2. Logrotate Elastic Beanstalk Log Files

elasticbeanstalk.conf in /etc/httpd/conf.d/ defines the ErrorLog and AccessLog properties for Apache. These files are then rotated out by /etc/cron.hourly/logrotate-elasticbeanstalk-httpd. The problem was that we didn’t know these log files existed and we felt the settings were too aggressive for us.

These are our current settings: https://gist.github.com/KamilMroczek/7296477. We changed the size parameter to be 50 MB and to only keep 1 rotated file. Smaller files take less time to compress. We didn’t need all those extra copies.

3. Logrotate Tomcat Log Files

logrotate-elasticbeanstalk in /etc/cron.hourly defines rotating catalina.out and localhost_access_log.txt out of the Tomcat logs directory! As nice as it is for them to do that, we had no idea. It didn’t have a large impact on us, since we handled the rotating of our log files ourselves already at shorter intervals. We ended up removing this unnecessary step anyway.

Original Log rotate script: https://gist.github.com/KamilMroczek/7296539

4. Publishing logs to S3

We noticed that we had CPU spikes at 20 minute intervals on our hosts at 10, 30 and 50 minutes passed the hour. We couldn’t explain these. When we looked at our CPU usage through top we found the culprit.

/etc/cron.d/publish_logs is a python script that publishes:

  • /var/log/httpd/*.gz (#2 above)
  • /var/log/tomcat7/*.gz (#3 above)

I originally thought that we were uploading the same files a ton since the logrotate only rotated every hour and kept the last 9 copies, but the publishing happened 3 times an hour. But we found out that the code has de-duplicating logic.

We removed this cron task because we didn’t need the data uploaded. We already uploaded our tomcat logs separately and the beanstalk logs were of no use to us at the time. Nor have we ever used them to troubleshoot issues.

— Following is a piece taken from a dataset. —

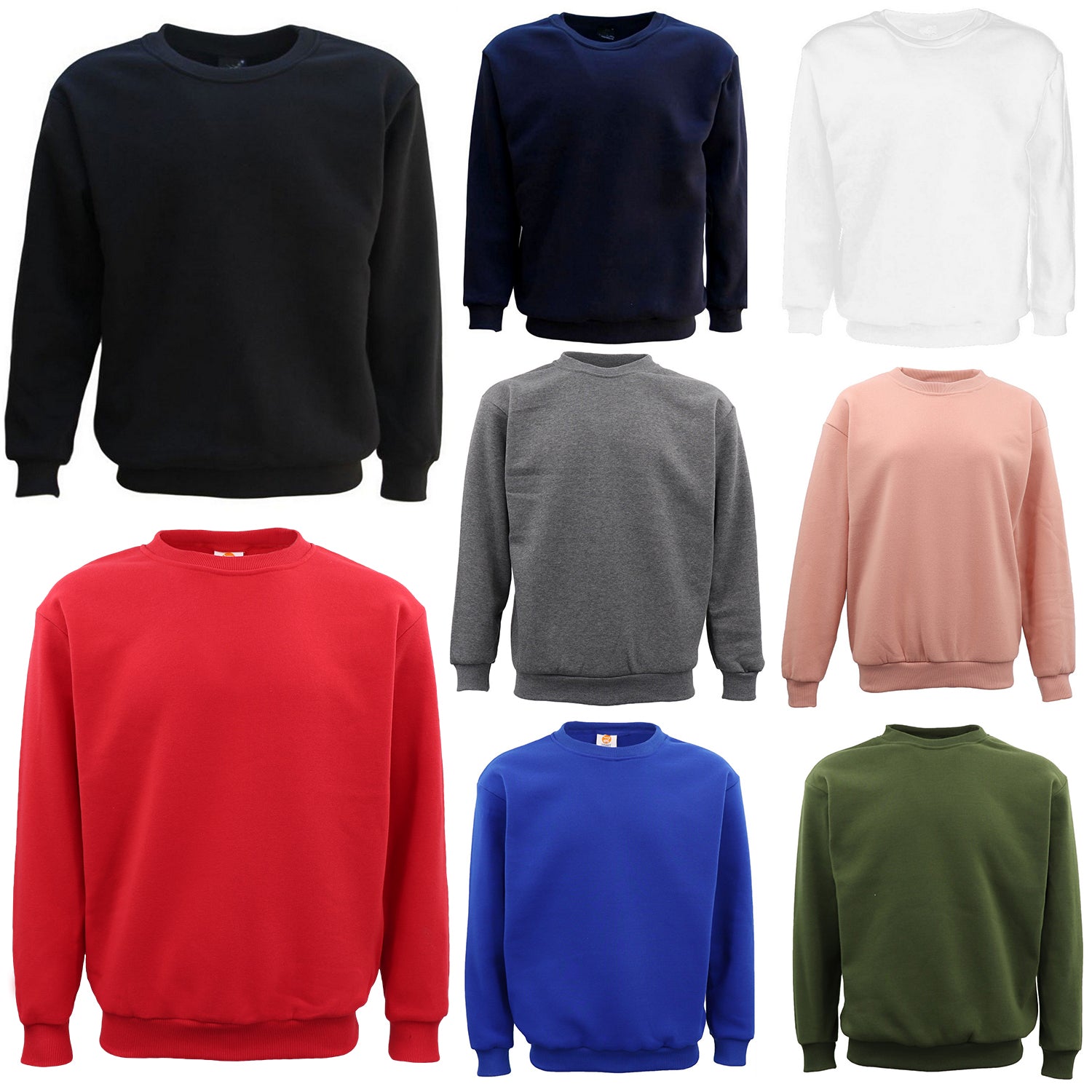 New Adult Unisex Plain Pullover Fleece Jumper Mens Long Sleeve Crew Neck Sweater, Royal Blue, 2XL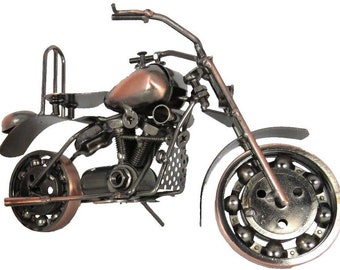 Model Motorcycle Chopper Metal Motorcycle Collectible Handmade Iron Sculpture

5. Amazon Host Configuration

The entire configuration for your environment can be found through Amazon Cloud Formation. There is a describe-stacks (or cfn-describe-stacks depending on the CLI version) call that allows you to pull the entire configuration for an environment. We are in the process of auditing ours. More complete instructions are here:

http://docs.aws.amazon.com/AWSCloudFormation/latest/UserGuide/using-cfn-describing-stacks.html

As will all tough problems, after troubleshooting them you inevitably get a deeper understanding of your system and its architecture. When you own and provision your own servers you understand everything on them because you are responsible for creating the template. When you use a hosted solution such as Amazon Webservices, you can run into the problem of not knowing everything about your image. But we learned that you need to take the time to understand what you are getting.

Advertisement

VisualVM Profiling Apache Tomcat through SSH Tunnel

So I had the job of trying to setup profiling of our Apache Tomcat instances on EC2.  There were a lot of instructions out there that I tried to cobble together for a solution.  The tricky part with profiling on a remote host are the firewall rules, since the RMI server will pick a random port to use.

The method I used was to open an SSH tunnel to the running machine and pretend like everything is local.  I finally got my monitoring up an running so wanted to share.

Props to Thiago for having a nice write-up which had details that many people ommitted.

1. First download the proper version of the catalina-jmx-remote.jar from the apache archives.  We were running on 7.0.23 so I downloaded: (you can just change the version on the link below)

http://archive.apache.org/dist/tomcat/tomcat-7/v7.0.23/bin/extras/

2.  Copy the JAR to your Tomcat’s lib dir.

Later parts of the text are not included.